After having placed a new landscape tile, the active player may decide to put one of his henchmen at one of the landscape elements of the newly placed landscape. He may put his henchmen at a Tower (to become a Knight), at a building (to become a Squire), at a road (to become a Herold) or at a courtyard (to become a trader). However the player will need to observe that he may not place a henchman at a particular landscape feature if this feature expands over several landscape tiles and if the other player already has one of his henchmen on that particular feature (the only way to have several henchmen on the same landscape feature is by joining two separate features together by the placement of a matching landscape tile). The henchman will stay where he is placed until the landscape feature is evaluated.

If, at the end of a player's turn, a landscape feature should be finished (meaning that it cannot be expanded any more by the placement of new tiles), then the landscape will be evaluated. The player who has most henchmen on that particular landscape will receive victory points, depending on which type of landscape was completed. He will thus receive 1 victory point for each landscape tile a building consists of, 2 victory points for each landscape tile a tower consists of, and 1 victory point for each landscape tile a road consists of (but 2 if the road is adjacent to a well). The players then may take back their henchmen to their stockpile, but since the courtyards will not be evaluated until the end of the game a henchmen placed as a trader will stay on a courtyard for the rest of the game.

The player who got the victory points then will be asked to adjust his victory point marker on the castle wall according to the number of points he had gained. However, if the victory point marker gets to land exactly on one of the towers which still contains one of the wall markers, then the player is entitled to take this marker and use it. Some of these markers give the player a small advantage during the course of the game (for example allowing a second turn or to double the points when finishing a certain type of building), whereas other of these markers allow the player to gain some kind of benefit at the end of the game (for example turning an unfinished landscape feature into victory points).

Another important element is a player's palace. If a player has finished a building, then he will get to place his special palace marker on that building. However, if he should finish a bigger building later during the game, then he will be allowed to shift his palace marker to the bigger building. The markers are of importance when the game comes to an end.

The game will end when the last landscape tile has been placed, and then some additional victory points will be distributed. Thus, the players now can turn in some of the wall markers which they got during the game, and furthermore now also the Courtyards will be evaluated. Like with other typed of landscape features, the player with most henchmen on a courtyard will get the victory points for the courtyard, and he will get 1 victory point for each landscape tile a courtyard consists of. However, he will also get an additional 3 victory points for each market which can be found on that courtyard. Finally, both players will need to compare their palaces, and the player with the bigger palace will get a special kind of reward: he will receive victory points equal to the largest number of adjacent empty spaces which can still be found within the castle. The game then will be won by the player with most victory points.

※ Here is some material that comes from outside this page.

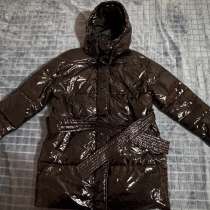 Продам лакированный пуховик, в Уссурийске
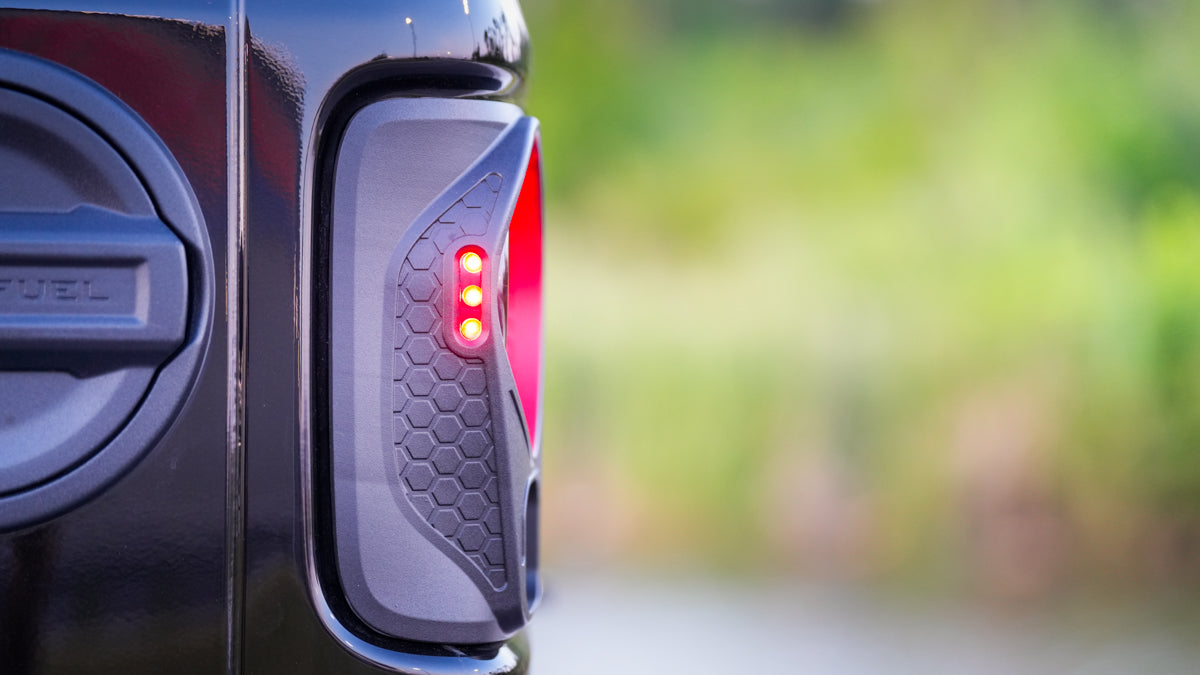 Motobilt モトビルト ハイクリアランス テールライト (JLラングラー)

While building on the traditional Carcassone-rules in their essence, it becomes quickly visible that the new game Carcassonne - Die Burg is much more than just another Carcassonne-clone. As a major difference, it is a game for just two players, and what is more important, is that by the introduction of some additional rules a quite well functioning game had been created. Die Burg is a good strategy game which succeeds to captivate players both with its interesting rules and also with its design as a whole, and I can definately recommend the game to a larger audience than just seasoned Carcassonne-players.